Overnight Cranberry Almond Coffee Cake

Are you planning for overnight guests during the holiday season? It can be quite a juggle to keep everyone fed and not feel like you are living in the kitchen. Enter the overnight coffee cake: […]

overnight cranberry almond coffee cake

Are you planning for overnight guests during the holiday season? It can be quite a juggle to keep everyone fed and not feel like you are living in the kitchen. Enter the overnight coffee cake: full of fresh cranberries and almonds, you can put this delicious breakfast treat together the night before and then in the morning top with the crunchy crumb topping before you pop it into the oven to bake. Serve warm or at room temperature – perfect for people who wake and eat at different times. This is my go-to baked item for our New Years Day brunch with neighbors. Makes 12-18 pieces depending on how large you cut your squares.

Coffee cake batter

2 1/2 cups (9 oz) Better Batter Gluten Free Flour, divided

2 tsp. baking powder

1/2 tsp. baking soda

1/2 tsp. salt

1/2 tsp. ground nutmeg or cinnamon

1 stick unsalted butter, softened

1 cup granulated sugar

2 eggs

8 oz sour cream

1 3/4 cups coarsely chopped fresh cranberries (I use my food processor to make quick work of the cranberries)
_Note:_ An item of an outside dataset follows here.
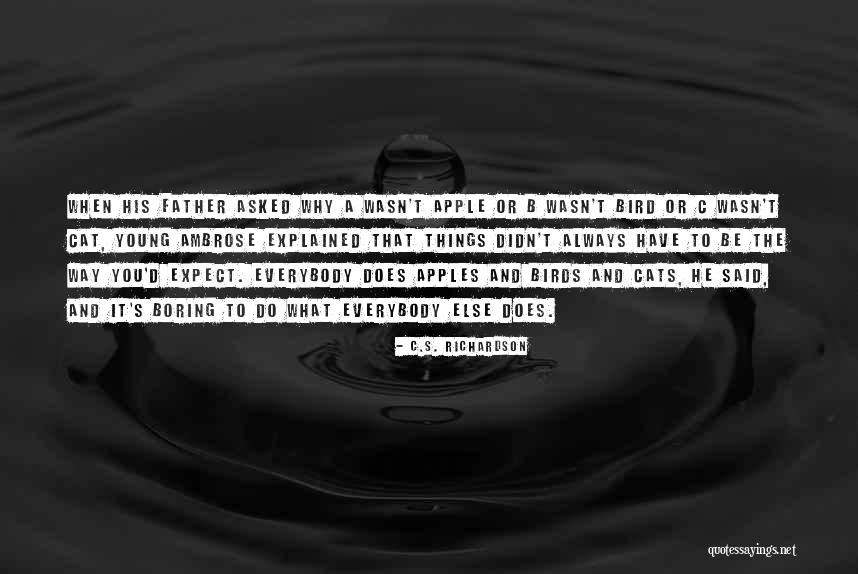 Roused From Slumber Quotes By C.S. Richardson Roused From Slumber Quotes By C.S. Richardson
1 Tbl. finely shredded orange peel

1/4 orange juice or milk (I have both ways; the juice enhances the citrus flavor)

1 Tbl. finely shredded lemon peel

 

Crumb topping

1/2 cup packed brown sugar

1/2 cup coarse chopped almonds

1 tsp. cinnamon

3 Tbl. unsalted butter

 

Grease and lightly flour a 13×9 baking pan. In a medium bowl stir together 2 cups of flour, baking powder, baking soda, salt, and nutmeg or cinnamon. Set aside.

In a large mixing bowl, beat the softened butter with an electric mixer (or in the bowl of a stand mixer) on high speed for 30 seconds. Add the granulated sugar and beat until combined, scraping the sides of the bowl once or twice. Beat in the eggs and sour cream until combined. Add the flour mixture, mixing on low speed just until combined. Stir in 1 cup of chopped cranberries, orange and lemon peels, orange juice or milk. The batter will be thick. Spread batter in the prepared baking pan and cover with foil. Refrigerate for 2 to 24 hours.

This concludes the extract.